To Farnsworth, artistic integrity means simplicity, and beauty equals imperfection. He mainly focuses on Shaker furniture, highlighting how neutral designs transcend time and constantly oscillating trends. It is this trade he works to sustain, an act of cultural and environmental influence. Although only one man, he recognizes his ability to have an enduring influence—to usher in continued artistry, in-craft connectivity, and furniture functionality for years to come.
Chris Conklin’s Vintage Swings are made from double-planed white oak and hand-spliced rope. In other words, they’re handmade to last. Photo: Jen Fariello
Chris Conklin grew up in a family that liked to figure things out. He learned at an early age how to restore old cars and farmhouses, and he loved to make things from scratch. So when his photographer wife, Jen Fariello, came home one day from a photo shoot in Ivy and asked him to make her an old-fashioned swing like the wooden one she’d used as a prop at the shoot, he immediately began his research.

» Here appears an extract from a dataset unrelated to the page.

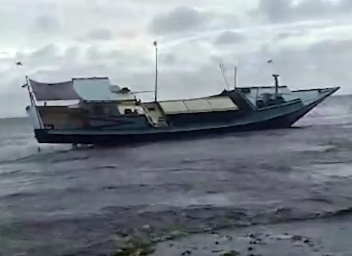 Kapal Nelayan Asal Sulawesi Terdampar di Garut Selatan dan Menghebohkan Masyarakat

“I came up with my own design,” says Conklin. “I wanted nice wood and nice ropes, something that looked good and lasted a long time.” He built a swing and hung it from one of the 200-year-old oak trees in the island of their driveway, and an interesting thing happened. “Everyone who came over would gravitate toward the swing,” he says. “A lot of people don’t have a swing, and it turns out they really like the feeling.”
So Conklin, whose day job is art director at the Daily Progress, developed a prototype and made a jig, and began constructing swings in batches of a dozen. They take two to three weeks to make from start to finish (given time-consuming steps like varnishing, which takes one day per side per coat), but the end result is smooth, strong, and gorgeous. He offers single and toddler versions plus a tire swing, and sells them on his own website as well as on Etsy under the name Vintage Swings.
Photo: Jen Fariello
Conklin’s swings feature some unique elements, starting with their length. “Modern swings are very short,” he says, “but the ones I sell have really long ropes [he has had customers special-order 100-foot lengths], so you can swing high.” The wood is white oak, double-planked for strength, and the rope, which resembles old-fashioned Manila but is synthetic to resist weather and rot, is hand-spliced.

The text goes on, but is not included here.